A week or two before Christmas, year of 1970 apporoximately I visited a convent in a local parish. I asked one of the nuns where a prayer meeting was being held in a neighboring city. She gave me what information she had. In our conversation we both agreed that the world needed a miracle to resolve it’s problems. After the conversation I said my goodbye. As I was leaving a young man met me at the gate. He looked to be about twenty one years old. He looked very tan from what appeared to be the result of traveling in the sun for a long time. He had sand colored hair and he wore a khaki shirt with blue denim pants which where torn on one side, held together with safety pins. He was carrying a blue duffle bag He asked me If I knew where a local water-front mission was. I told him that I would take him there on my way home. He got into my car and asked me if they were serving dinner there. I stated it was near dinner time, and they probably were. He also ask me if jobs were available, and I stated that there was a good chance because some store were taking on extra help during the Christmas season. He then asked my why I had a cast on my hand. I said “Would you believe that in my efforts to do the right thing, I did the wrong thing” (Only God knew the full story beside myself-this a separate story to do with my spiritual healing) He smiled and he put his hand up to his face in a thoughtful expression. We reached the entrance court yard to the mission. There were groups of men waiting for meal time. He got out of the car and walk towards the waiting men to join them ( So I assumed)

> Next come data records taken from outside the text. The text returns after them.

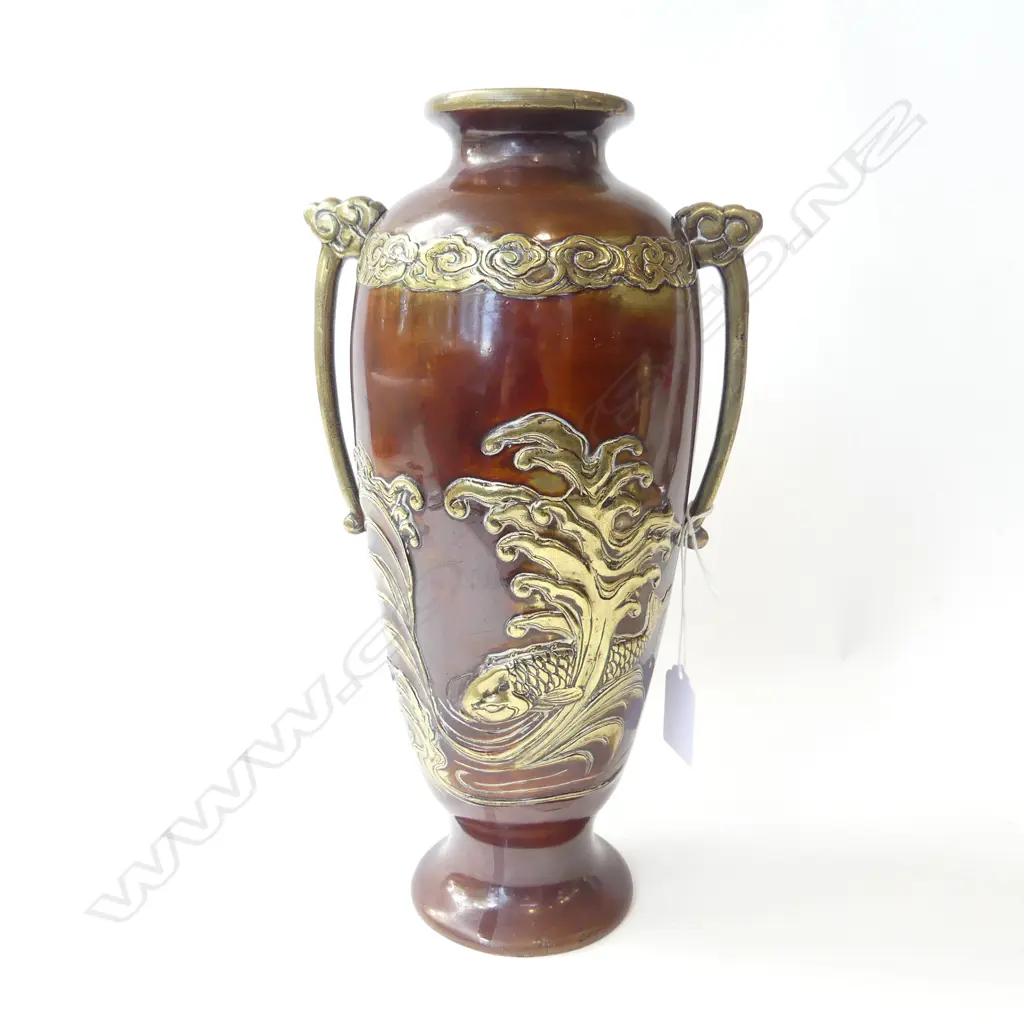 ORIENTAL BRASS VASE H.295mm Image 1++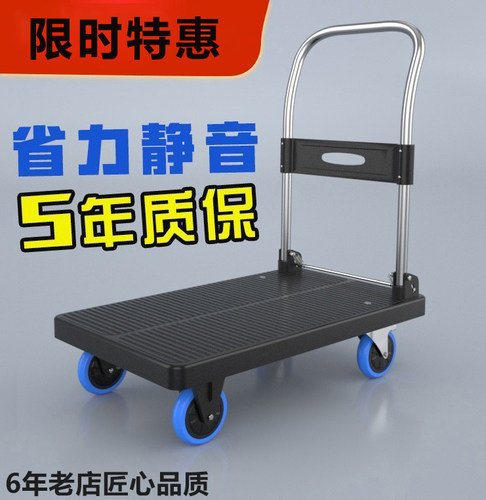 雅冠便携折叠拉货家用小推车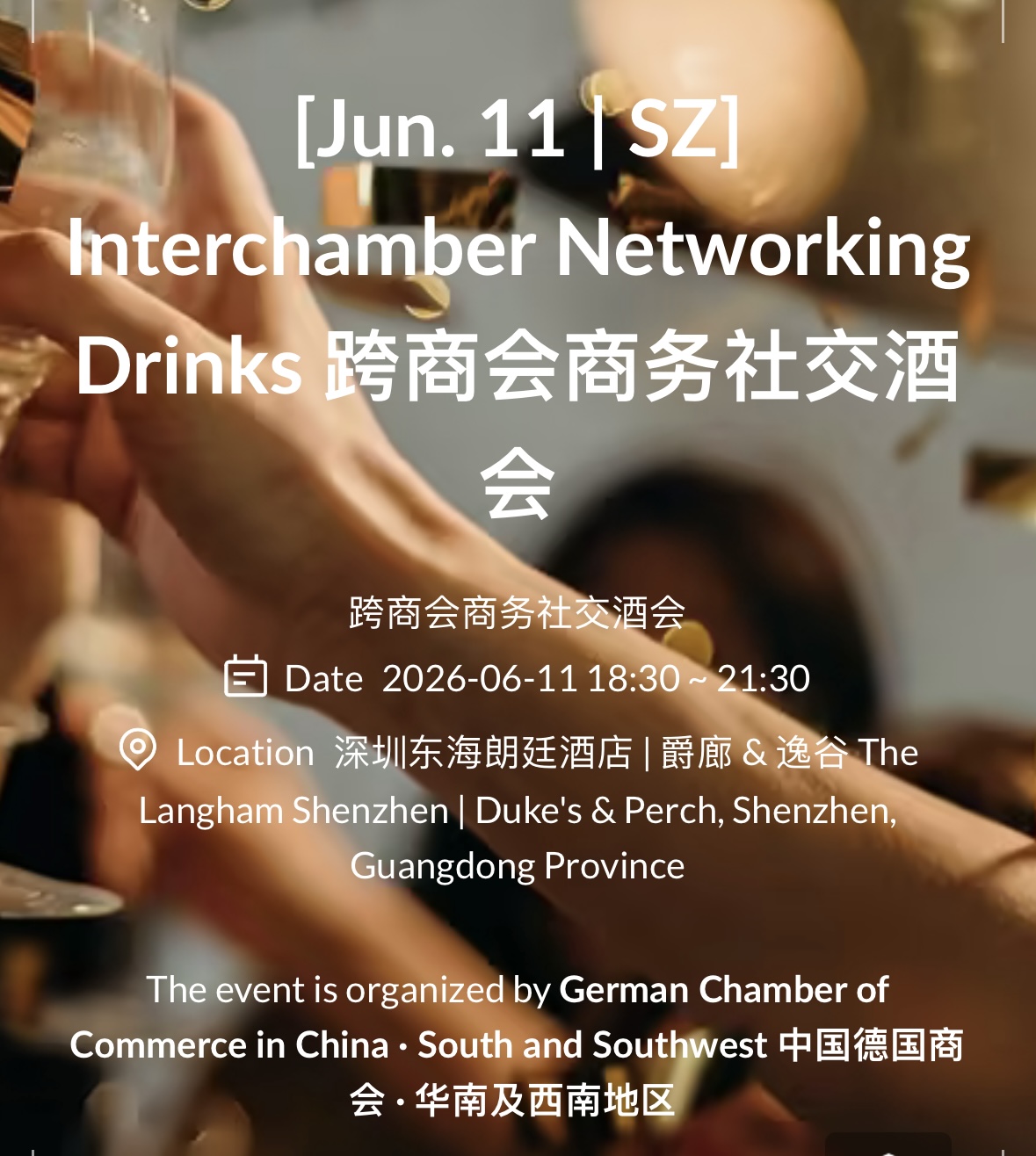 Jun.11, [Shenzhen] Interchamber Networking Drinks 跨商会商务社交酒会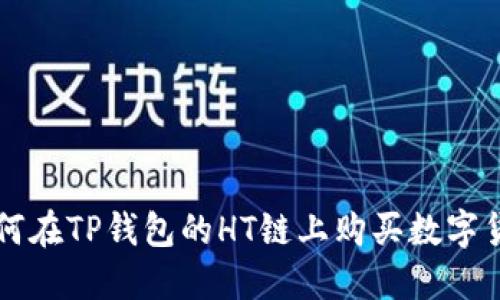 如何在TP钱包的HT链上购买数字货币
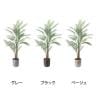 ポピー 観葉植物 人工樹木 アレカヤシL 日本製 国産 幅800×全長1850mm フェイクグリーン 葉 造花 インテリア オフィス おしゃれ-1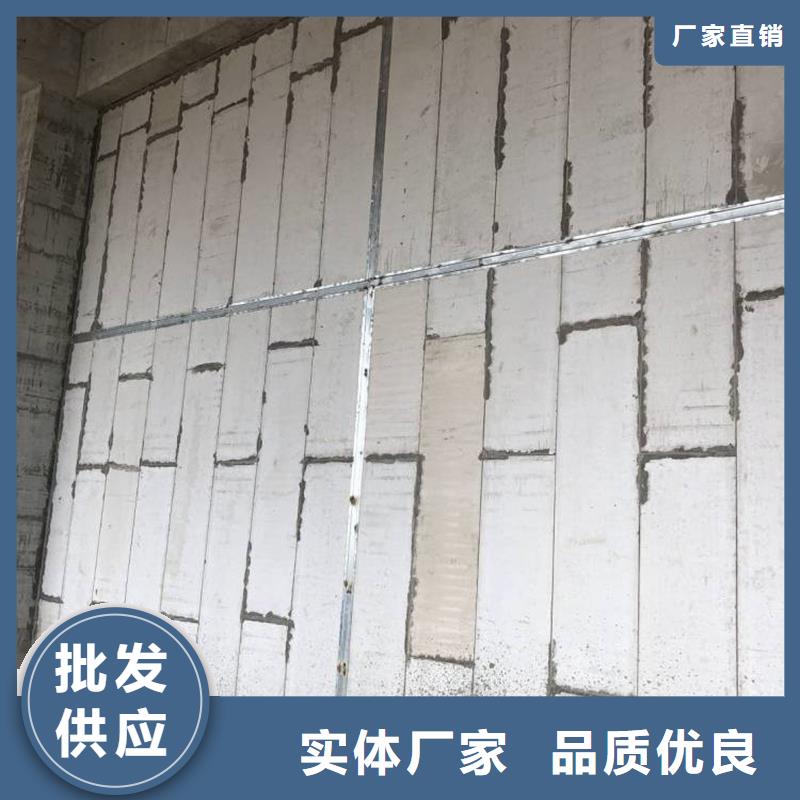 复合轻质水泥发泡隔墙板批发价精工细致打造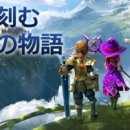 달빛게임즈 이미지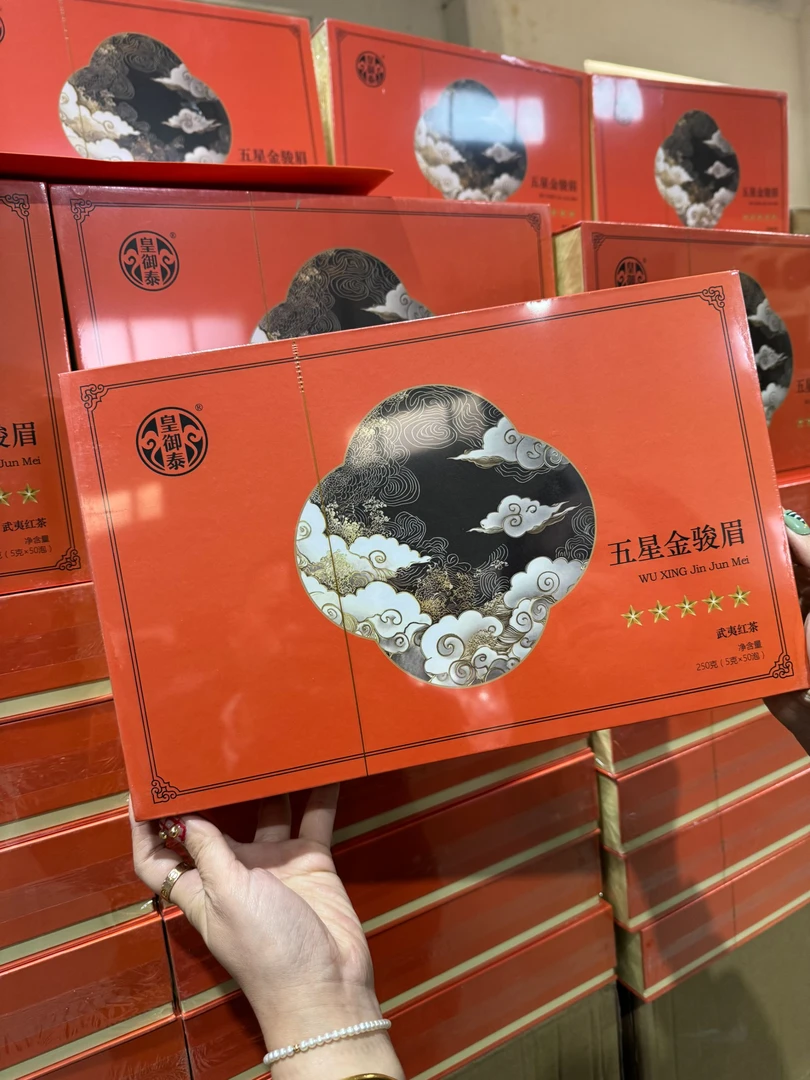 新年茶礼盒皇御泰茶礼盒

When I finally returned home, I met my son and asked him why he wasn’t working at the clothing store in town. He said that he just quit. I was surprised then I asked him if he had an old suit, because I just left a man that could use it, My son said he had, so I told him I w oud be right back. I went back to the mission, I entered because everyone was eating dinner. I looked, and from the back of heads they looked like the man I was seeking. I was disapointed I drew attention to myself and was asked who was I looking for so I told them. One of the workers asked the whole group if they saw the man. Nobody did. I felt very strange, and I said to myself “God are you telling me something” as soon as I turned around I faced a huge picture of Jesus Christ. He had two rows of people coming up to Him from both sides, all kinds of people. I left perplexed. The stranger just disappeared I drove home in deep thought. I opened my Bible randomly, I was experiencing a special phenomena. many times. I could open the Bible and come directly to the answer of my spiritual problems (I call it communicating with God) I read 2 Peter 2;22 " the dog goes back to his own vomit, in the old testament it reads " a fool in his folly is like a dog going back to his vomit" It was strange, then I meditated. What kind of men go to the mission…alcoholics, drug addicts, derelicts, jobless, the poor and homeless. I asked myself how does Jesus fit into all of this. The answer was immediate. Jesus Christ is the Redeemer It is He whom the angels witnessed to on Christmas Day to the shepherds, “:This day is born unto you a Redeemer…” It is He who gives purpose to life and puts men on the road called “straight” It is He who takes us off our merry-go-round which takes no-where except to our same old problems over and over again, like a dog returning to his own vomit… Angels announce the Good News and angels are still announcing the Good News. There are rebelious angels who are doing everything to cloud the message. I know this for a fact. I remember in scripture it is stated…Some showing hospitality to stranger had attended angels unawares Am I confirmed in the Good News, you bet,It:thumbsup: eternally This story is not over yet.
 
Sometimes I find it hard to share my faith but I try. I do better sometimes on the internet on different forums but I also have shared my faith with friends at work or with family. I try to keep it simple and not overwhelm or insult. Also, I have to say there was a time when I couldn’t because I didn’t know it and would get upset because I didn’t have the answers. I still don’t have all the answers. I do try to study the faith more because I think you can’t share what you don’t know and that leads me to, I listen to Catholic Answers on the radio frequently and listen to Patrick Madrid who has many podcasts on how to share your faith. I think he is one of the best Catholic apologists, among others, we have right now.
 
This post is another witness to the confirmation of my Catholic Faith. I repeat I was tried in my faith for many years and still am until I die. These are some of the highlights of my Faith experience.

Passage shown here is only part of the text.